- [YOUR ASSIGNMENT]: After finding the line with "Ambassador 4*" in the data below, set down exactly each line through the one with "More Photos Of", inclusive, and stop there.

[[ PROVIDED DATA open ]]

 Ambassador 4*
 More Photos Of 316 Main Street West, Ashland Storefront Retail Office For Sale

[[ PROVIDED DATA closed ]]
[[ PROVIDED DATA open ]]

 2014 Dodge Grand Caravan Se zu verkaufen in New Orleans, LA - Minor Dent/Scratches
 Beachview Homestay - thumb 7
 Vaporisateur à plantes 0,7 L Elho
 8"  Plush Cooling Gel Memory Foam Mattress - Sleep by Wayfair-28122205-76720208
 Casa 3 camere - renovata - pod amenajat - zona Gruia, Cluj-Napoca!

[[ PROVIDED DATA closed ]]
[[ PROVIDED DATA open ]]

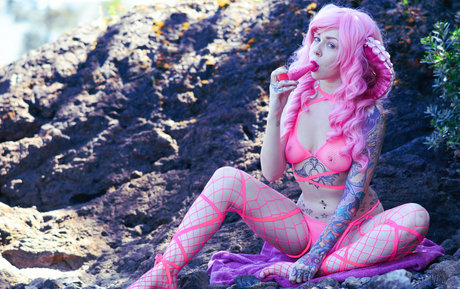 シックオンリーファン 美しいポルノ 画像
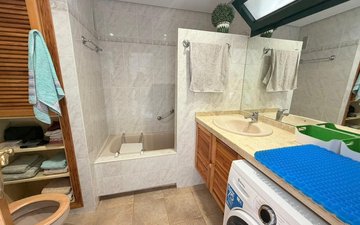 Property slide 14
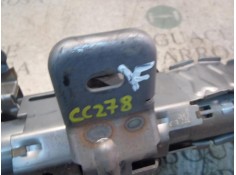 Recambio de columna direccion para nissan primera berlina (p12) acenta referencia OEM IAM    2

[[ PROVIDED DATA closed ]]

- [ANSWER AREA]:
 Ambassador 4*
 More Photos Of 316 Main Street West, Ashland Storefront Retail Office For Sale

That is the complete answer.